2018 yılının ikinci yarısında başlayan ve corona virüsü kriziyle derinleşen ekonomik kriz, Türkiye ekonomisinin bundan sonra nasıl yola devam edeceği konusunda tartışmaları beraberinde getiriyor. Hükümet bir yandan inşaata ve kredi artışına dayalı modelde ısrar ederken, önceki yıllardan farklı olarak devletin ekonomi üzerindeki kontrolünü artıracak adımlar da atıyor.

Son kalan kamu şirketlerini elinde bulunduran Türkiye Varlık Fonu'nun (TVF) CEO'su Zafer Sönmez, AKP iktidarının 18 yıllık ekonomi politikalarından çok farklı bir yöne işaret eden çarpıcı açıklamalarda bulundu.

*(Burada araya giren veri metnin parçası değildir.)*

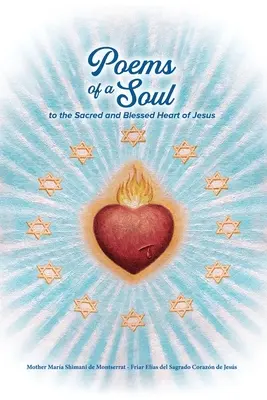 Básne duše k svätému a požehnanému Srdcu Ježišovmu - Poems of a Soul to the Sacred and Blessed Heart of Jesus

Bloomberg'den Kerim Karakaya'ya konuşan Sönmez, özelleştirmeleri hedef alarak "1980’lerde başlayan özelleştirme furyası ve bu yolla devleti ekonomide küçültme düşüncesi dünyada kendini tüketmiştir. Özel sektörün ölçeğinin yetmediği alanlarda rol oynayacağız" dedi.

Sönmez, TVF olarak 2023’e kadar enerji, petrokimya, madencilik ve havacılık sektörlerine yıllık 10 milyar dolar yatırım yapmayı planladıklarını, bu yatırımlar için şimdiye kadar 6 milyar dolarlık fon oluşturduklarını dile getirdi.

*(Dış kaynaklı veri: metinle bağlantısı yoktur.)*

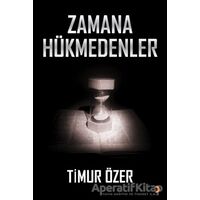 Zamana Hükmedenler - Timur Özer - Cinius Yayınları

Oysa, 3 Kasım 2002 tarihinde iktidara gelen AKP döneminde, Türkiye'nin kamuya ait en büyük şirketleri, fabrikaları, otelleri, limanları, enerji üretim tesisleri, elektrik ile doğalgaz dağıtım şebekeleri ve arazileri yerli ve yabancı özel şirketlere satıldı.

268 KURULUŞTA KAMU PAYI SIFIRLANDI


2002 yılından bu yana 273 kuruluşta hisse senedi veya varlık satış-devir işlemleri yapıldı. Bu kuruluşlardan 268'inde kamu payı kalmadı. 1986 yılından AKP'nin iktidara geldiği döneme kadar 8.2 milyar dolarlık özelleştirme yapılırken, 2002'den günümüze toplam 62 milyar dolarlık satış gerçekleştirildi.